The play-offs are now close enough to touch for Norwich City, and the season most fans wanted to finish back in November, looks like it will be going into extra time.
One last game to get through and one last hurdle for Norwich to clear and a trip to a team battling against relegation isn’t usually the best way to finish a season.
However, all things being well, Norwich will secure that play-off place and set themselves up for a tough semi-final regardless of where they finish. The prospect of two games against Leeds, Southampton or the team from Suffolk will be stern tests for David Wagner and Norwich will need to up their game from some rather mixed performances in recent weeks.
Whoever they face, having the home leg first will almost certain benefit Norwich given their strong form at Carrow Road over the last few months. While you cannot win the semi-final in the first game, you can certainly lose it. When Wagner won the play-offs with Huddersfield he did so with only scoring one goal across the three games, I wouldn’t be surprised if he approaches them again in the same fashion (should Norwich make it there), knowing that knockout football is often won by the team with the best defence.
It seems though with or without a change in league this season there will be significant changes at the club. With Mark Attanasio and his group being given the green light from the EFL, Norwich will go into the summer with a new power structure for the first time since Delia and Michael took control in 1996.

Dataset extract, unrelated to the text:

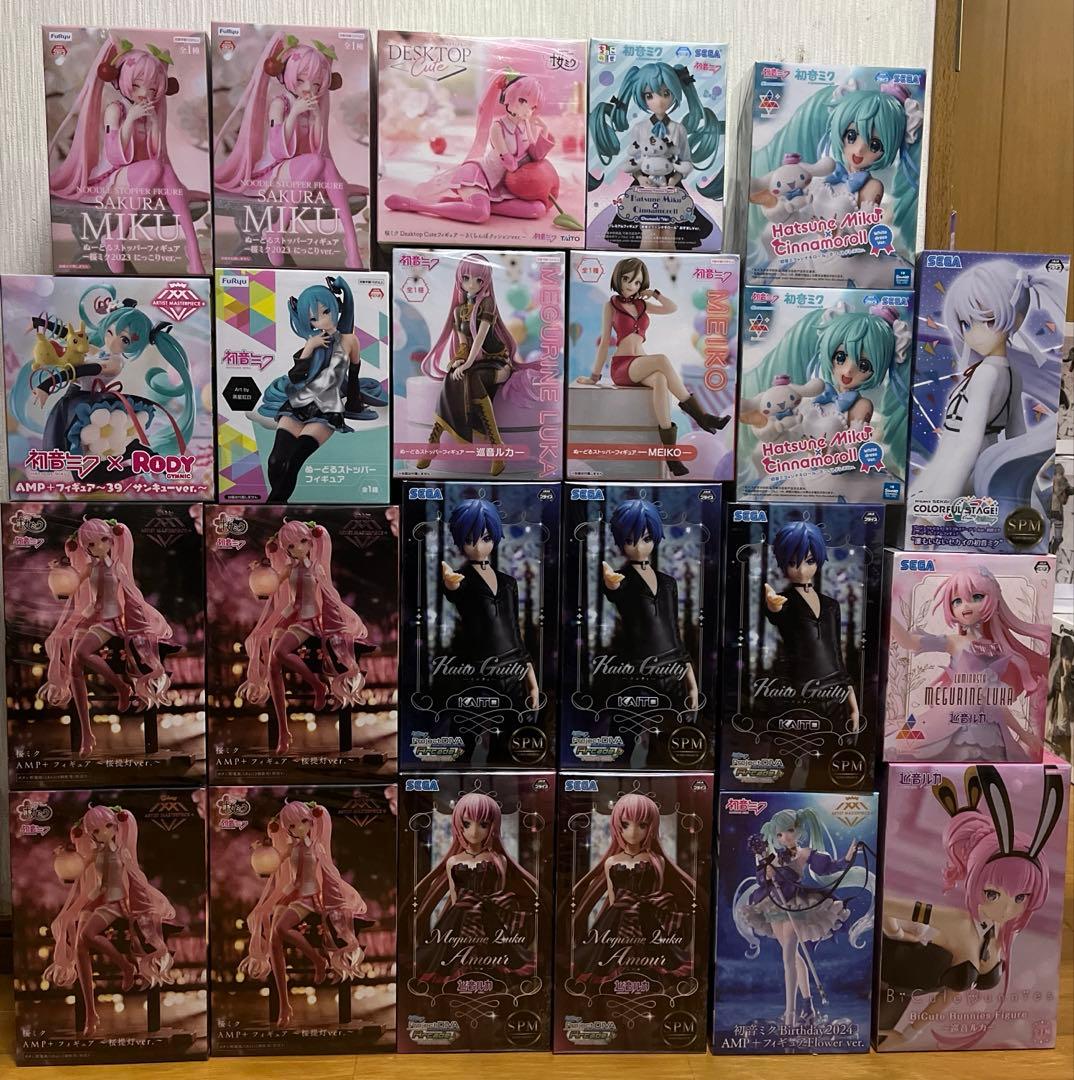 初音ミク　桜ミク　まとめ売り　2ページ目あり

From where we stand now, it is hard to really get a good idea of how much this new joint owner is really going to impact things in the short term.

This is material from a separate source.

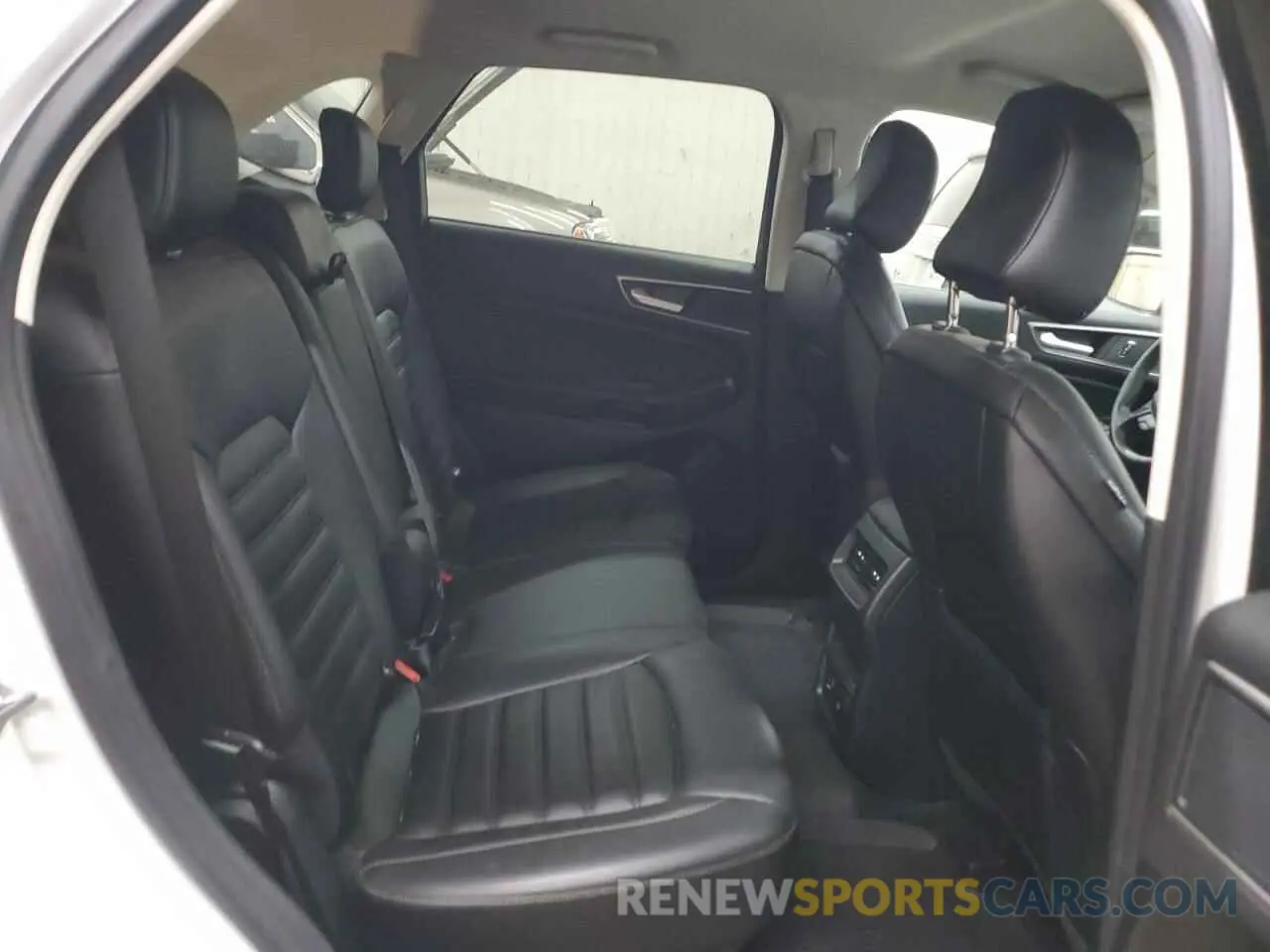 11 Фотография поврежденного автомобиля 2FMPK4J99NBA62012 FORD EDGE 2022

Much of the talk is of backroom improvements, especially around analytics and data. This will not come as a surprise to anyone who follows baseball given the data revolution that was seen with great impact across the sport.

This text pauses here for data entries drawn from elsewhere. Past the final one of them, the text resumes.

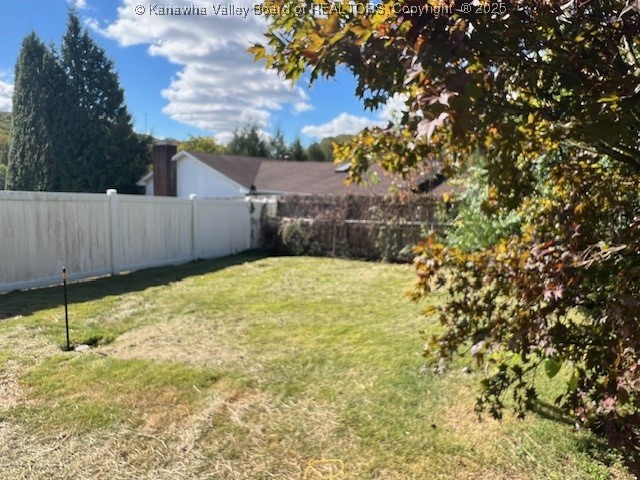 South Charleston, West Virginia 25303, United States, 2 Bedrooms Bedrooms, ,1 BathroomBathrooms,Residential,Active,225231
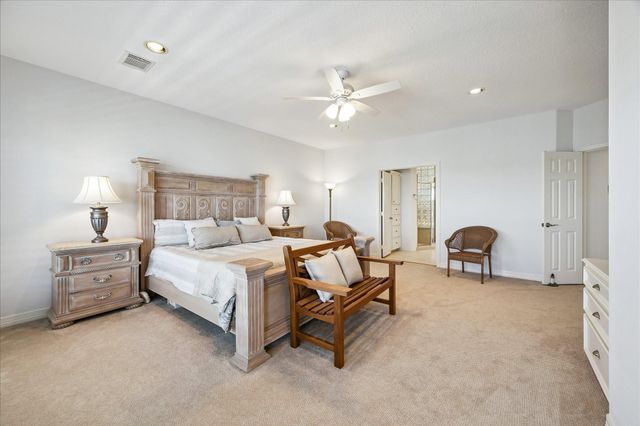 1554 Windsong Way, Tiki Island, TX 77554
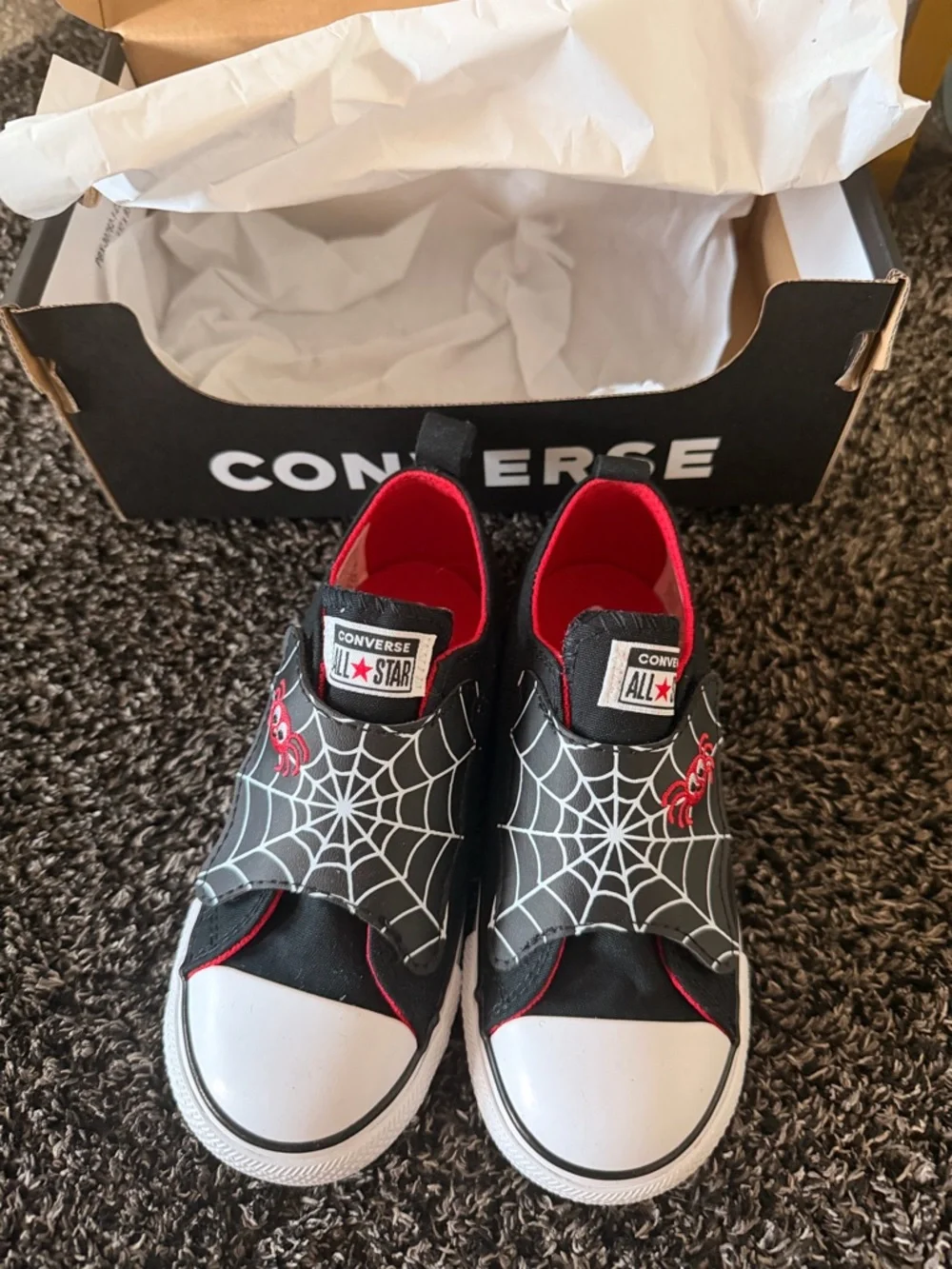 Converse Kids Black and Red Spider Web Low-Top Sneakers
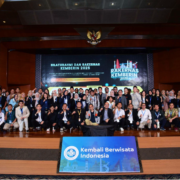 Foto bersama dengan seluruh peserta yang hadir di acara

But should Norwich fail to go up this season, will the new investors be happy to see a talented team get ripped apart with major transfers?
The longer it takes to get promoted back to Premier League the harder it gets. Players such as Gabriel Sara and Marcelino Nunez came to Norwich as it projected itself as a club striving to go back up. Lose that image and recruiting replacements for these types of players gets harder and harder.
I look to Norwich’s future with equal amounts of trepidation and excitement. There is an unfair stereotype of Norfolk of being somewhere ‘we fear change’. Hopefully there is no reason to fear Norwich’s boardroom changes.